## Your instructions
Below are the records. Retype exactly the lines between the lines holding "1412 Sanctuary St, Pittsburg, CA" and "胡蘿卜黃豆芽炒肉的做法-家常味炒菜譜-易", inclusive.

Top of Records supplied

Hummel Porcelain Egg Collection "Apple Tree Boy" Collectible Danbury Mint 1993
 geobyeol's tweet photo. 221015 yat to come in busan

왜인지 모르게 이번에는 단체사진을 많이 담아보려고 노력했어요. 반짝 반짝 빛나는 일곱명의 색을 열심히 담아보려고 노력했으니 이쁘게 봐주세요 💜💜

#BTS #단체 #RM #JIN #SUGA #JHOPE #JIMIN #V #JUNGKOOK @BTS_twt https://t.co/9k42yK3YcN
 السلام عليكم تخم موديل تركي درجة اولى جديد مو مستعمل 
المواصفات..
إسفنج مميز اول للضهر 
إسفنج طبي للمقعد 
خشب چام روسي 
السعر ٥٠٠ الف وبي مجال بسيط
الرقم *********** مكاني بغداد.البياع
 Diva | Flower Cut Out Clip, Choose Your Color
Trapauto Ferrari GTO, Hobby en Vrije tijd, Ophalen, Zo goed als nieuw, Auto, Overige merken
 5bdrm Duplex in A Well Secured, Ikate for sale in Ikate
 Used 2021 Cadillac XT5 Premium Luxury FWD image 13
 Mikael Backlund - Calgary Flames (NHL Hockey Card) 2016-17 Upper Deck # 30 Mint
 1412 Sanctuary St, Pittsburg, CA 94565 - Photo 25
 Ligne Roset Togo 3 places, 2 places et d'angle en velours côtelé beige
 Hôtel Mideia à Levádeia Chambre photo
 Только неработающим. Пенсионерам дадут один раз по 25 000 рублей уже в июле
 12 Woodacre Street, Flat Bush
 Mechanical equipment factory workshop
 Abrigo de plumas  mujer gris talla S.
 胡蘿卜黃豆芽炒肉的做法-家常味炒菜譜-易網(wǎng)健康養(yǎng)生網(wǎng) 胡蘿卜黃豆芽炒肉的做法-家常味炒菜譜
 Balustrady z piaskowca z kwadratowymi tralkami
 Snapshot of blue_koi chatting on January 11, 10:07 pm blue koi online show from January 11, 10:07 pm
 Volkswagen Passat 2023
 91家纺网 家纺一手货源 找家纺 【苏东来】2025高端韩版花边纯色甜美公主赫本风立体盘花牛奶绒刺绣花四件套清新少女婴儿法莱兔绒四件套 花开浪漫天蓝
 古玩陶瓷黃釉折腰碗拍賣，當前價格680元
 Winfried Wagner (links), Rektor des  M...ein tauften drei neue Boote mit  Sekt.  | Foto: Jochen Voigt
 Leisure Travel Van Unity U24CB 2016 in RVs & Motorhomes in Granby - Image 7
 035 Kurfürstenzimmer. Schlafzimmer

Bottom of Records supplied

## Answer box
 1412 Sanctuary St, Pittsburg, CA 94565 - Photo 25
 Ligne Roset Togo 3 places, 2 places et d'angle en velours côtelé beige
 Hôtel Mideia à Levádeia Chambre photo
 Только неработающим. Пенсионерам дадут один раз по 25 000 рублей уже в июле
 12 Woodacre Street, Flat Bush
 Mechanical equipment factory workshop
 Abrigo de plumas  mujer gris talla S.
 胡蘿卜黃豆芽炒肉的做法-家常味炒菜譜-易網(wǎng)健康養(yǎng)生網(wǎng) 胡蘿卜黃豆芽炒肉的做法-家常味炒菜譜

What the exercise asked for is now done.